━━ MATERIAL SHOWN ━━
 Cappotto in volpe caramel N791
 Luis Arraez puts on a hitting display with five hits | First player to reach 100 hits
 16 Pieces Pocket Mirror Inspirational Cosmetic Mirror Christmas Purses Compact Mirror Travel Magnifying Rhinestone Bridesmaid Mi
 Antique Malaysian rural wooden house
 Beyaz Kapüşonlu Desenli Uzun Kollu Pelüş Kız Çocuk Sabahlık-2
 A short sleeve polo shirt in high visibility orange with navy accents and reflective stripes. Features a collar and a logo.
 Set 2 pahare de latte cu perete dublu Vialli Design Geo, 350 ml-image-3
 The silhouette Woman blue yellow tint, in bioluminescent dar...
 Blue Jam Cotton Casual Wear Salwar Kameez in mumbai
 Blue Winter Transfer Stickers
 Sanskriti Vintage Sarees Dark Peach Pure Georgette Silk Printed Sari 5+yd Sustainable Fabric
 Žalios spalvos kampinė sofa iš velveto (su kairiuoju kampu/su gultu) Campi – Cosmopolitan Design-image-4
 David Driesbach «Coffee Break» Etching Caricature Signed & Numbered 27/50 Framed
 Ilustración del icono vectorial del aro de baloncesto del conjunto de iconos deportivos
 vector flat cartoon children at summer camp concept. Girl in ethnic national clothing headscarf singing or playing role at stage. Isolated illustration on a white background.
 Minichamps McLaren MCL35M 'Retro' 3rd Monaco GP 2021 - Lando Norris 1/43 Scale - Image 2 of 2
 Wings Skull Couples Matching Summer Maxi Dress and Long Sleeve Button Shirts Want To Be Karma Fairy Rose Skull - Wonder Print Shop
━━━
TASK: When a line in the material above holds the word "with", count it; report only the total.

YOUR SOLUTION: 2